Das vollbesetzte Haus folgte dem Geschehen auf der Bühne mit großem Vergnügen, und viele Lacherfolge und häufiger Szenenapplaus belohnte die Darsteller, die durchweg gute Leistungen erbrachten. Die männlichen Rollen waren sehr geschickt besetzt, während die weiblichen Mühe hatten, dagegen anzuspielen. Rühmliche Ausnahme ist Anne Schmidt, die eine köstliche Deenstdeern Lena auf die Bühne stellte. Waschecht, lebensnah, bewußt komisch und dabei spitzbübisch verkörperte sie das Dienstmädchen, das zwischen dem schuldigen Gehorsam und dem eigenen Willen, nämlich ihren Willem zu kriegen und zu halten, hin- und herschwankt. Waltraut Evers hätte aus ihrer Rolle der Katrin etwas mehr machen können: der verkannte Hausdrache, der im Grunde doch das Herz auf dem rechten Fleck hatte - die Rolle wirkte etwas blaß; möglicherweise war sie auch von der Regie im Stich gelassen worden. Heinke Andresen als Tochter Marlies verdiente sich ihre ersten Sporen auf der Bühne: ihre Unsicherheit und Befangenheit wird sie sich bald weggespielt haben, sie sollte nur besser Plattdeutsch lernen. Jens Larssen spielte den Möller Gröön, einen alten Schlawiner, der es immer wieder versteht, den Hals aus der Schlinge zu ziehen, bis er dann selbst überrumpelt wird. Eine gute Leistung! Wolfgang Preuss und Werner Jungjohann verkörperten die beiden Tippelbrüder Hans Holten und Willem Pieseke, wobei Jungjohann auf seine bewährte Routine vertrauen konnte, die er doch immer wieder neu mit Leben füllte, und Preuss einen sehr sympathischen und echten Eindruck hinterließ, ein Schauspieler, den man in Zukunft häufiger auf der Bühne sehen möchte.

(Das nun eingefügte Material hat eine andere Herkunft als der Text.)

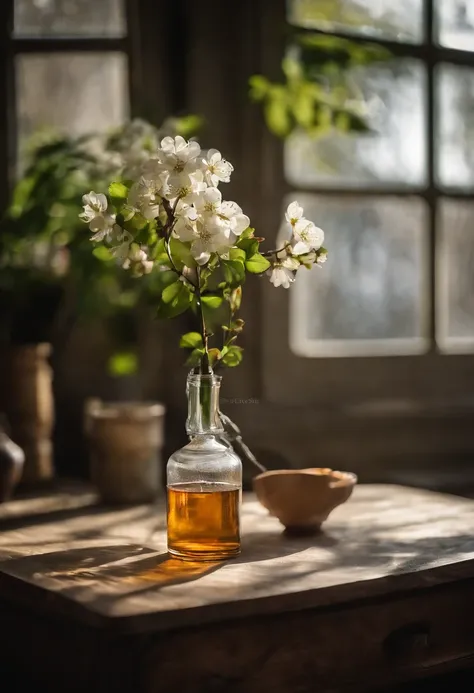 A bottle of McCarran is placed on a wooden pallet，Next to them are two glasses filled with liquid, Green plums on the table，White plum blossoms,Sunlight,grove,Chinese wooden windows，professional food photography, Cao Zhibai, artsy photography, still-life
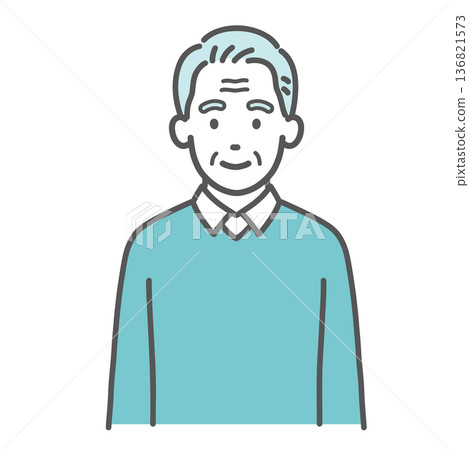Illustration of a smiling elderly man (front, upper body) Illustration of a smiling elderly man (front, upper body) 136821573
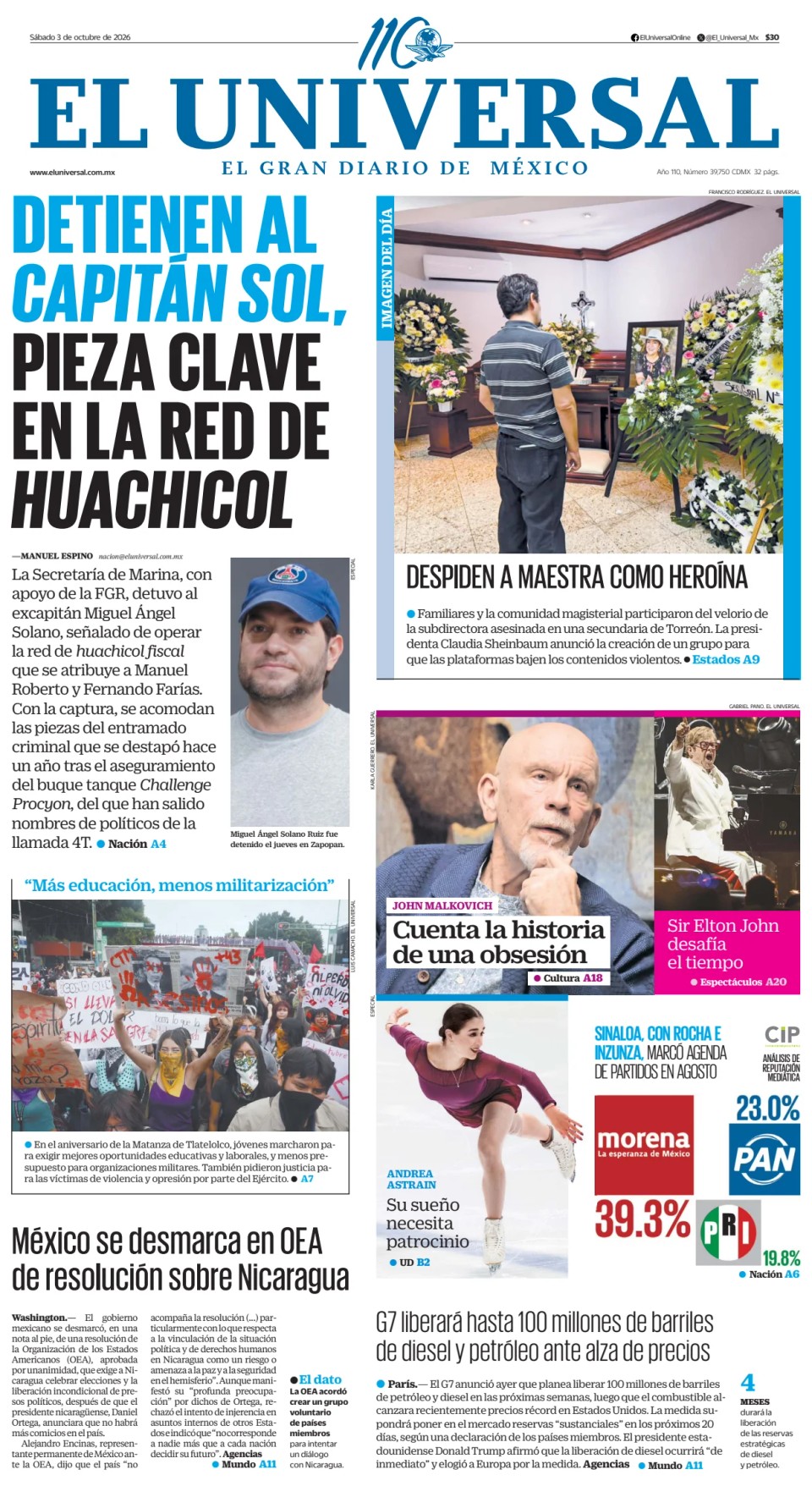 Prima-pagina-El-Universal-edizione-di-oggi-20261003
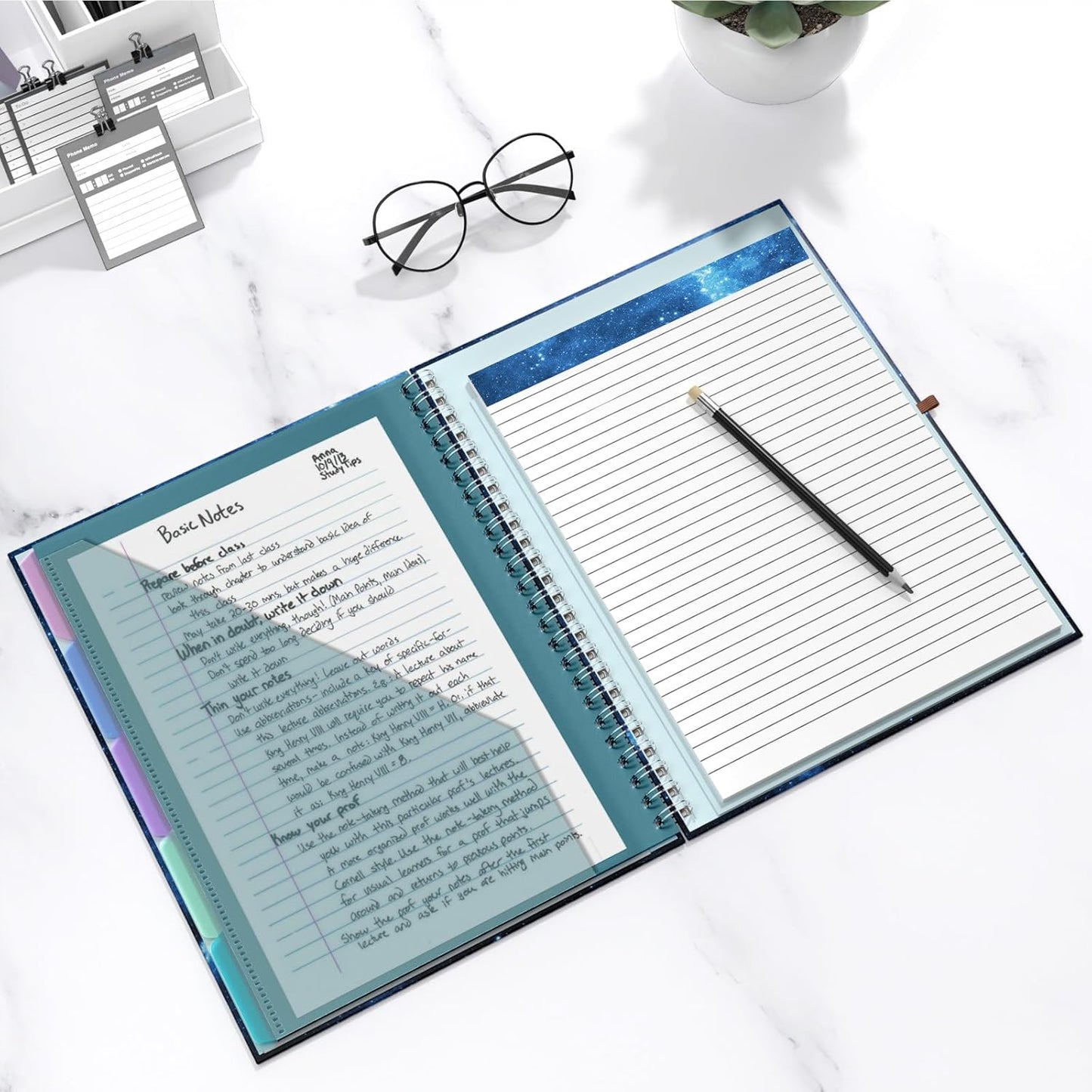 Hongri Clipboard Folio with Refillable Lined Notepad, 8.5 x 11 Folders with Storage 10 Pockets, Spiral Portfolio, Size 12.8X 9.7 in, Office & School Supplies, Skeleton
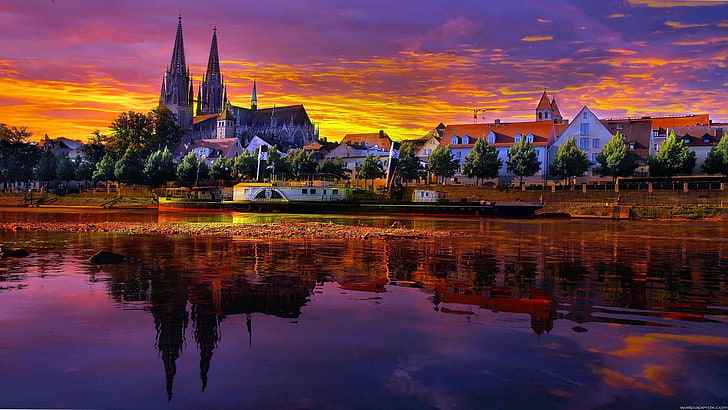 cathedral, sky, water, reflection Free HD Wallpaper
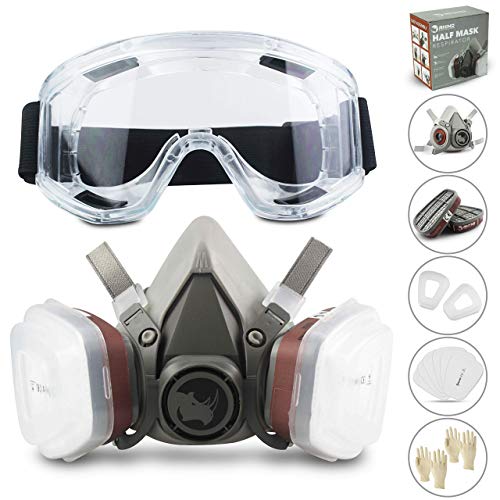 Facial Cubierta RS Antipolvo Reutilizable con Gafas, Guantes y 6 Filtros de Protección de Partículas para Pintura, Industria, Gas, Carpintería, Vapor y más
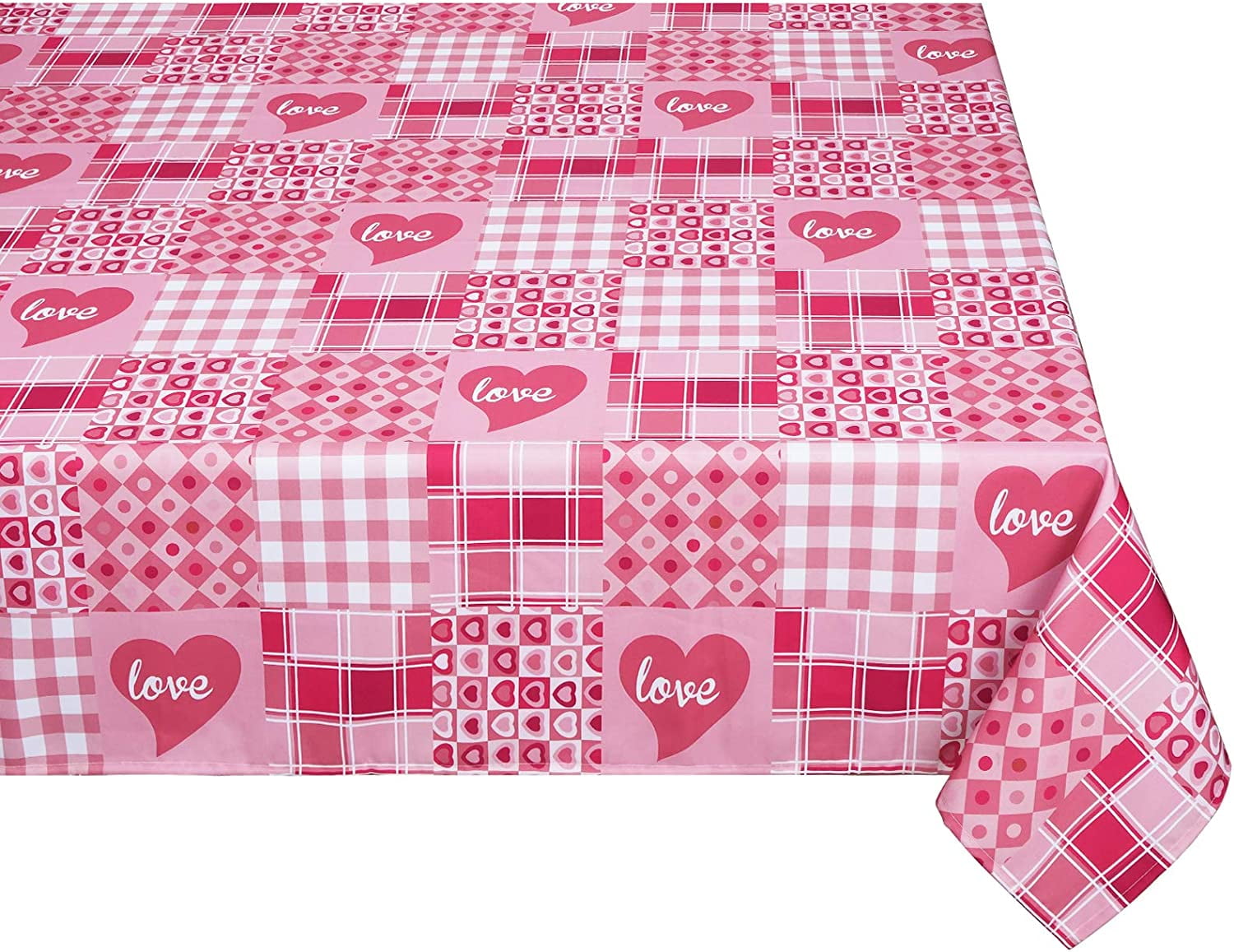 Valentine''s Day Tablecloth, Pink Love Heart Table Cloth, Plaid Checked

Eine köstliche Studie verkörperte Uwe Petersen mit dem Dorfschuster Munzel: ein herrlich stotternder, scheinbar so trotteliger Typ, der es doch faustdick hinter den Ohren hat. Ihm war der Lacherfolg sicher, sobald er nur den Mund auftat. Peter Neumann spielte den Viehkaufmann Jan Sibbert, eine etwas undankbare Rolle, aus der er das Beste machte: nach außen hin harmlos, in Wahrheit ein großer Schwerenöter. Besonderes Lob verdient Rüdiger Schulz, der erst vor vierzehn Tagen für einen erkrankten Kollegen einsprang; er stellte einen überzeugenden Polizisten auf die Bühne, der weder überzogen noch stur wirkte und dabei ein ausgezeichnetes Platt sprach. - Eine sichere Souffleuse war Tilla Tams, und das Bühnenbild sowie die Technik lagen bei Peter Meier in besten Händen. Der Auftakt der Saison ist gelungen!
Reimer Pohl
Schleswiger Nachrichten, 25.10.1977
Als Schelm vun Möhlbrook stellte sich ein Müller vor, der nachts fensterln ging und dessen nächtliches Treiben zu allerhand Verwicklungen führte. Um drei Akte rankte sich eine Reihe heiterer Geschehnisse um Liebe und Verwechslungen. Annemarie Dienesen hatte ihr Ensemble so gut „getrimmt", daß die Aufführung dank den Mitwirkenden Werner Jungjohann, Jens Larssen, Ute Weiß, Gerd Peters, Renate Hansen, Ludwig Wulff, Waltraud und Kurt Evers und Willi Frahm zu einem starken Erfolg wurde.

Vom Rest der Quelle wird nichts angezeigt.